Приходили к нему за всякими справками и советами по литературной части. Приходили за книгами. Он не отказывал в книгах. Присутствовал я раз (позднее, конечно) при сцене, глубоко меня возмущавшей. Прихожу раз. Кравчинский лазает по полкам, вытаскивает книги и вырывает из них огромные пачки страниц, а Петр Лаврович, мрачный и страдающий, сидит у себя в спальне за столом и как будто старается даже не смотреть на то, что делает Кравчинский, так что не вышел ко мне в переднюю комнату, а принял в спальне. Удивленный, начинаю расспрашивать. Оказывается следующее. Кравчинский переселяется для большей безопасности в Англию и будет там писать о России. Но о России он, в сущности, ничего не знает и потому придумал — повыдирать из «Отечественных записок» все внутренние обозрения и статьи, касающиеся внутренних дел России, и на основании этого материала писать статьи в английских газетах. Злополучный Петр Лаврович до глубины души страдает при виде такого варварского разорения своей библиотеки, но отказать не в силах. Ведь Кравчинскому это необходимо для его журнальной карьеры в Лондоне.

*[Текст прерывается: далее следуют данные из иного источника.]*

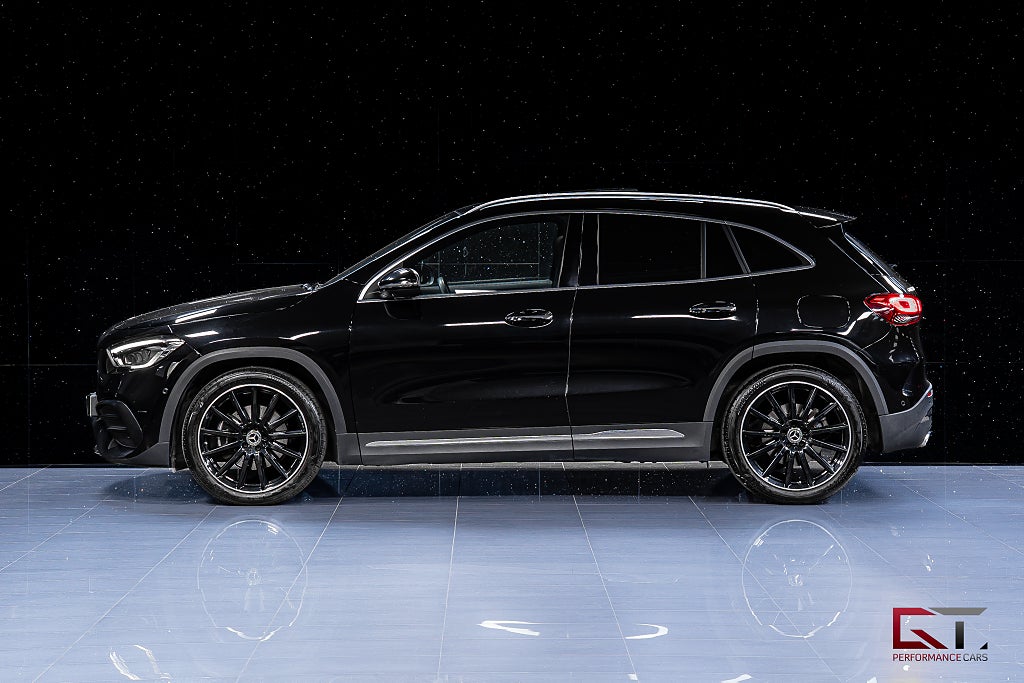 Mercedes-Benz GLA 220 d 4MATIC AMG Pano ACC HuD Kolfiberoptik 20" Matrix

Меня это глубоко возмущало. Правда, Кравчинский обещал прислать эту громадную кипу вырванных странии обратно. Но было совершенно ясно, что, во-первых, он их истреплет в клочья, во-вторых, если и пришлет, то через несколько лет, и в-третьих — для их обратной вставки в «Отечественные записки» потребуются от Лаврова огромная работа и значительные переплетные издержки. Но что за дело до всего этого Кравчинскому! Он на несколько лет лишит эмигрантов возможности пользоваться журналами Лаврова, но зато сам получит в Лондоне заработок и репутацию знатока России.
Все это прекрасно понимал Лавров, но отказать эмигранту в помощи он был не в силах.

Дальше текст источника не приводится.